After selecting the connector, the next step is to choose the JDBC driver. As most connectors are specialized for a given database and most databases have only one JDBC driver available, the connector itself determines which driver should be used. (For example, the MySQL connector will always use the MySQL JDBC Driver called Connector/J.) The only exception is the Generic JDBC Connector, which isn’t tied to any database and thus can’t determine what JDBC Driver should be used. In that case, you have to supply the driver name in the –driver parameter on the command line. But be careful: Using the –driver parameter will always force Sqoop to use the Generic JDBC Connector regardless of if a more specialized connector is available. For example, if the MySQL specialized connector would be used because the URL starts with jdbc:mysql://, specifying the –driver option will force Sqoop to use the generic connector instead. As a result, in most cases, you should not need to use the –driver option at all!
Finally, after both connector and driver have been determined, the connection between the Sqoop client and the target database can be established, as shown in the diagram below. (Please note that the picture is only describing the process of opening the initial connection and roles of the connector and driver. It’s not describing all connections that Sqoop can open as, for example, the data transfer itself is done inside a MapReduce job and is not executed on the Sqoop client side.)
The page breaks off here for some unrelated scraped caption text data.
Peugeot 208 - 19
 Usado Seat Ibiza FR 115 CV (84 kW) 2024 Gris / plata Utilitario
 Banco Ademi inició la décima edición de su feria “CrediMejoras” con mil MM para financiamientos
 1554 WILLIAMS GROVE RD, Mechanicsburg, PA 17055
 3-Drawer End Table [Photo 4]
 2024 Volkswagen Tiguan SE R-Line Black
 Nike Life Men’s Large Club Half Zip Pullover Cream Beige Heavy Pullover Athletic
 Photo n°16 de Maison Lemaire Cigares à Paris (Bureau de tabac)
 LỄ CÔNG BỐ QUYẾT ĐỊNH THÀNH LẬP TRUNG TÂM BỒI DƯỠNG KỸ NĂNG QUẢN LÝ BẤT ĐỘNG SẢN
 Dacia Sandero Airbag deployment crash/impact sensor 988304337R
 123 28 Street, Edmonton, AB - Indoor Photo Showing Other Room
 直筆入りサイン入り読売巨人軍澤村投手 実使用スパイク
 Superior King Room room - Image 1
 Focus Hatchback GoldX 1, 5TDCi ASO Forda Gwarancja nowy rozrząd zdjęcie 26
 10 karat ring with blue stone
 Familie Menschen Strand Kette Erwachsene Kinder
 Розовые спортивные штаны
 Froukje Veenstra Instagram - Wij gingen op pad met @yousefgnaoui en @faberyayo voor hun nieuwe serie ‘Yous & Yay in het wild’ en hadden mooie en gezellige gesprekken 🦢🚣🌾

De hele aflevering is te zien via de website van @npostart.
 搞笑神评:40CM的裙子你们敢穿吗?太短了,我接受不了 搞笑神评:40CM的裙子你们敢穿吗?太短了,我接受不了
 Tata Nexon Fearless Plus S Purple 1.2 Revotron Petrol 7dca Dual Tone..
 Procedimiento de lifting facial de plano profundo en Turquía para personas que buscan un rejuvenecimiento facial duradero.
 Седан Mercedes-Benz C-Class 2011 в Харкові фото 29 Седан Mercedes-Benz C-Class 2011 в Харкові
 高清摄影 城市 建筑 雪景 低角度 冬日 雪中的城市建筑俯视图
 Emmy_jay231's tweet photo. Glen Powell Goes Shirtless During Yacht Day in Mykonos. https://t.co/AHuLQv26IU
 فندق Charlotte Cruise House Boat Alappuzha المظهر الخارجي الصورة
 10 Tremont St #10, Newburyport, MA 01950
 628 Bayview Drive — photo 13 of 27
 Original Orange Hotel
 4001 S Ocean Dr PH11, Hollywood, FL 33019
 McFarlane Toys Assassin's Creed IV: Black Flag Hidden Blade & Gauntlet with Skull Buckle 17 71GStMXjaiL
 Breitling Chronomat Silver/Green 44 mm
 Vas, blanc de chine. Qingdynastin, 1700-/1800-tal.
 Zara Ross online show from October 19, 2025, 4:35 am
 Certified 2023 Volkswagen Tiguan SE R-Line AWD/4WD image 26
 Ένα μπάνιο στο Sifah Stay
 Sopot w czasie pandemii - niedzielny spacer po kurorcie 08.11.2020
Now that you know all the pluggable pieces that Sqoop uses to connect to your database server, let’s look at where each piece lives.
The connector is a Sqoop-specific plugin, so it’s not surprising that it’s part of the Sqoop installation. In fact, Sqoop ships with a variety of connectors out of the box and various additional extra connectors can be downloaded and installed into Sqoop easily.
Even though drivers are database-specific pieces, created and distributed by the various database vendors, they are often not installed along with the database server. Instead, they need to be installed on the machine where Sqoop is executed because they are used by connectors to establish the connection with the database server. (For example, as previously explained, JDBC drivers are not shipped with Sqoop due to incompatible licenses and thus you must download and install one manually.) Appropriate drivers can usually be found on the database vendor’s website or are distributed separately with the database installation itself.
Connectors and drivers need to be installed only on the machine where Sqoop is executed; you do not need to install them on all nodes in your Hadoop cluster. Sqoop will propagate them itself whenever necessary.
I hope that this blog post has clarified the differences between connectors and drivers and why both are needed to transfer data between relational databases and Hadoop ecosystem. Happy Sqooping!